Short web captions
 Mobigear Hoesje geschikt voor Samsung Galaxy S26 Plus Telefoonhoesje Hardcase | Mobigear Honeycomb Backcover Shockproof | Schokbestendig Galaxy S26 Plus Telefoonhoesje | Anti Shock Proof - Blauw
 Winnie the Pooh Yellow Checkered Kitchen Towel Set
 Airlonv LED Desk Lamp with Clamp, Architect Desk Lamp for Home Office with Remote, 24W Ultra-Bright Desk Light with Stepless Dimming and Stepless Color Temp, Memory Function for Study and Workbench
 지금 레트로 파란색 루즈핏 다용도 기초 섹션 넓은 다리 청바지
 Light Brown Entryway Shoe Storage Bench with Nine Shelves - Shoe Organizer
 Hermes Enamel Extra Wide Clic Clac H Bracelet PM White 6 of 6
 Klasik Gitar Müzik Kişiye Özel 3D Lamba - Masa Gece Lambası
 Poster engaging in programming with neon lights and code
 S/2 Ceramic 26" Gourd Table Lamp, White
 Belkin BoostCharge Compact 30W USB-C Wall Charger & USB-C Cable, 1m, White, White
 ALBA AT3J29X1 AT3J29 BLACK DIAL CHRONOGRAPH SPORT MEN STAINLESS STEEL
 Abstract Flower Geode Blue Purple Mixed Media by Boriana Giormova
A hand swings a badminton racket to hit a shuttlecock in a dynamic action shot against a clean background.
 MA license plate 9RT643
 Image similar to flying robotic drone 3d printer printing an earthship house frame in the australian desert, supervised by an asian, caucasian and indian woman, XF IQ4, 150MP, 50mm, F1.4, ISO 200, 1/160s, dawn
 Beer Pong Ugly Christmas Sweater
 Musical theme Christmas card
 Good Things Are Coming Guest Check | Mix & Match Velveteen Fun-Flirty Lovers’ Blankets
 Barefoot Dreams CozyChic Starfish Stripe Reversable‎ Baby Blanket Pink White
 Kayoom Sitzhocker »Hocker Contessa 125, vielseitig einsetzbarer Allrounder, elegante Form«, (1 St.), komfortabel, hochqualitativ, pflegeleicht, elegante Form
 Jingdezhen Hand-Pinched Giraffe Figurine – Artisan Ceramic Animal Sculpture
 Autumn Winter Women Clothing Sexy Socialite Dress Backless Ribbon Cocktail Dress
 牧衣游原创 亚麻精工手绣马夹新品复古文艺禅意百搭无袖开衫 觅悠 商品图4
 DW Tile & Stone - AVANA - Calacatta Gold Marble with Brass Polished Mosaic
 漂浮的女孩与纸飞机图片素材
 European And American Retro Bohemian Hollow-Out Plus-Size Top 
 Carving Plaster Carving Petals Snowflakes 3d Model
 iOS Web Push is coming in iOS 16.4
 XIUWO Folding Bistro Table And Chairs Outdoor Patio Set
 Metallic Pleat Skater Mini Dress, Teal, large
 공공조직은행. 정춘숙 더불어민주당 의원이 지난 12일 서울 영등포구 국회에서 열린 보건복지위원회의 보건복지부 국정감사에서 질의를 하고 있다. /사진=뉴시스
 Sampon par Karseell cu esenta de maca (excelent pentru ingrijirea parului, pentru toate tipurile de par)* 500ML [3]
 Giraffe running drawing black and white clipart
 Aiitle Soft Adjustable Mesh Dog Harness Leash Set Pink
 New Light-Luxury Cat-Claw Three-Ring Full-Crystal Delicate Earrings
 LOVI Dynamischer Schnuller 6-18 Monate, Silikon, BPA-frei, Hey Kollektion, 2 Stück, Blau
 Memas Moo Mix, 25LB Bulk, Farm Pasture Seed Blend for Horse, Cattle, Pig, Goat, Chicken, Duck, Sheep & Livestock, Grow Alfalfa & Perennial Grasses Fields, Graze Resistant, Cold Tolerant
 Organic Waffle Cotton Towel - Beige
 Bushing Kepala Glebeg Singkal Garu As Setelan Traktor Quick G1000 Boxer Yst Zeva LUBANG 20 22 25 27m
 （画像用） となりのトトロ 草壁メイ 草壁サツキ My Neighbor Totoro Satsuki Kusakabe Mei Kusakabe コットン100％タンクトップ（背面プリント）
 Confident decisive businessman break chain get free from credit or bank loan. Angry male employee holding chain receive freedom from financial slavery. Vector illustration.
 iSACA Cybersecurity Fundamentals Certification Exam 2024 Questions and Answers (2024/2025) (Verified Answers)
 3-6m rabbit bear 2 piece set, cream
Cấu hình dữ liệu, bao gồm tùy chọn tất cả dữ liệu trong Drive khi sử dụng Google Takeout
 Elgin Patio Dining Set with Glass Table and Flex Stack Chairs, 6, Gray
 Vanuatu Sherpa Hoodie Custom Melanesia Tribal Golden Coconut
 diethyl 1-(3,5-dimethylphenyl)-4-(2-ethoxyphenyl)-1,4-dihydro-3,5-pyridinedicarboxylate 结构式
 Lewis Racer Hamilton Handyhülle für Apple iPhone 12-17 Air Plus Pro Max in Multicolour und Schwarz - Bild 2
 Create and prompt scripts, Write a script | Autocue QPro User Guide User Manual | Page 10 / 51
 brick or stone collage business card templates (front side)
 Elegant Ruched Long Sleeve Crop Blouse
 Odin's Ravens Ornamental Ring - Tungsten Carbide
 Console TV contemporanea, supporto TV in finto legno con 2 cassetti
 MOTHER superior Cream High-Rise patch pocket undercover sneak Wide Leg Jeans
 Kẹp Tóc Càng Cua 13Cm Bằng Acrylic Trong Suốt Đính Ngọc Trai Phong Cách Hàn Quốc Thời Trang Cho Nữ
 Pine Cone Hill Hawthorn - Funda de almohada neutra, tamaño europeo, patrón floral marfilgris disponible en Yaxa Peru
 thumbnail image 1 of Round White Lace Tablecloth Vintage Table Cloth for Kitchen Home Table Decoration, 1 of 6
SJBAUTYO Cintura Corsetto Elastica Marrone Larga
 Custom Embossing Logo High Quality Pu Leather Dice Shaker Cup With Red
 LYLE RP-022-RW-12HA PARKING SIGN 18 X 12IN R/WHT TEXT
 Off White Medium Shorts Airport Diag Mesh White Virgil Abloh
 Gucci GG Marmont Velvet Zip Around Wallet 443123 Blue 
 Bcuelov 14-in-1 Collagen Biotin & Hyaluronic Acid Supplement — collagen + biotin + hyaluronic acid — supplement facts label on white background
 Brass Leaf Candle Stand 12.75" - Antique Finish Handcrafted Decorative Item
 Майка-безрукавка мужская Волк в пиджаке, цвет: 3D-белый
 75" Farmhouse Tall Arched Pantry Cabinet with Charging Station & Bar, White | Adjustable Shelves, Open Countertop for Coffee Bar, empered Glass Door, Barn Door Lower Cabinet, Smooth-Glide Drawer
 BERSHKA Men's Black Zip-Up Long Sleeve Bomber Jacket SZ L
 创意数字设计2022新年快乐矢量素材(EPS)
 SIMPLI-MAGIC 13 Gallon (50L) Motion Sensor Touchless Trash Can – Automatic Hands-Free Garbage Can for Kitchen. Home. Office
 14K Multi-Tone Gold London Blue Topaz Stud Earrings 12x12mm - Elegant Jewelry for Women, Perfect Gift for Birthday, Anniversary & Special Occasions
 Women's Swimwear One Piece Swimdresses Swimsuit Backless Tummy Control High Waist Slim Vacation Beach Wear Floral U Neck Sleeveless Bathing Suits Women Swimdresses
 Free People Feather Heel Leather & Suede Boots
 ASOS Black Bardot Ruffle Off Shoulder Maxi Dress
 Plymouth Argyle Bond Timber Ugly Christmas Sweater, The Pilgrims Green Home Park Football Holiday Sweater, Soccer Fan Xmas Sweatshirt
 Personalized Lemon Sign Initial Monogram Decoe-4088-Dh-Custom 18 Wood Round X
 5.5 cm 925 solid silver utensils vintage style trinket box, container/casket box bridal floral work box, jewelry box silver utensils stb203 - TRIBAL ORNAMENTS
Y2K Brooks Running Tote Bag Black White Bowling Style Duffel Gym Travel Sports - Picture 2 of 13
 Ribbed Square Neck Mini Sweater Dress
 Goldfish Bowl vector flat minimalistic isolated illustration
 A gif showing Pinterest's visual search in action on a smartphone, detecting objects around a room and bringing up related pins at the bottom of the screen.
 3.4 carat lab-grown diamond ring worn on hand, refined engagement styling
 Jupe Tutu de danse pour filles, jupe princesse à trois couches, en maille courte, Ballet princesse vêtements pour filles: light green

- [The problem] Starting with the first line of the records, repeat every line up to and including the one containing "MA license plate 9RT643", and nothing else.

- [Solution for this exercise]
 Mobigear Hoesje geschikt voor Samsung Galaxy S26 Plus Telefoonhoesje Hardcase | Mobigear Honeycomb Backcover Shockproof | Schokbestendig Galaxy S26 Plus Telefoonhoesje | Anti Shock Proof - Blauw
 Winnie the Pooh Yellow Checkered Kitchen Towel Set
 Airlonv LED Desk Lamp with Clamp, Architect Desk Lamp for Home Office with Remote, 24W Ultra-Bright Desk Light with Stepless Dimming and Stepless Color Temp, Memory Function for Study and Workbench
 지금 레트로 파란색 루즈핏 다용도 기초 섹션 넓은 다리 청바지
 Light Brown Entryway Shoe Storage Bench with Nine Shelves - Shoe Organizer
 Hermes Enamel Extra Wide Clic Clac H Bracelet PM White 6 of 6
 Klasik Gitar Müzik Kişiye Özel 3D Lamba - Masa Gece Lambası
 Poster engaging in programming with neon lights and code
 S/2 Ceramic 26" Gourd Table Lamp, White
 Belkin BoostCharge Compact 30W USB-C Wall Charger & USB-C Cable, 1m, White, White
 ALBA AT3J29X1 AT3J29 BLACK DIAL CHRONOGRAPH SPORT MEN STAINLESS STEEL
 Abstract Flower Geode Blue Purple Mixed Media by Boriana Giormova
A hand swings a badminton racket to hit a shuttlecock in a dynamic action shot against a clean background.
 MA license plate 9RT643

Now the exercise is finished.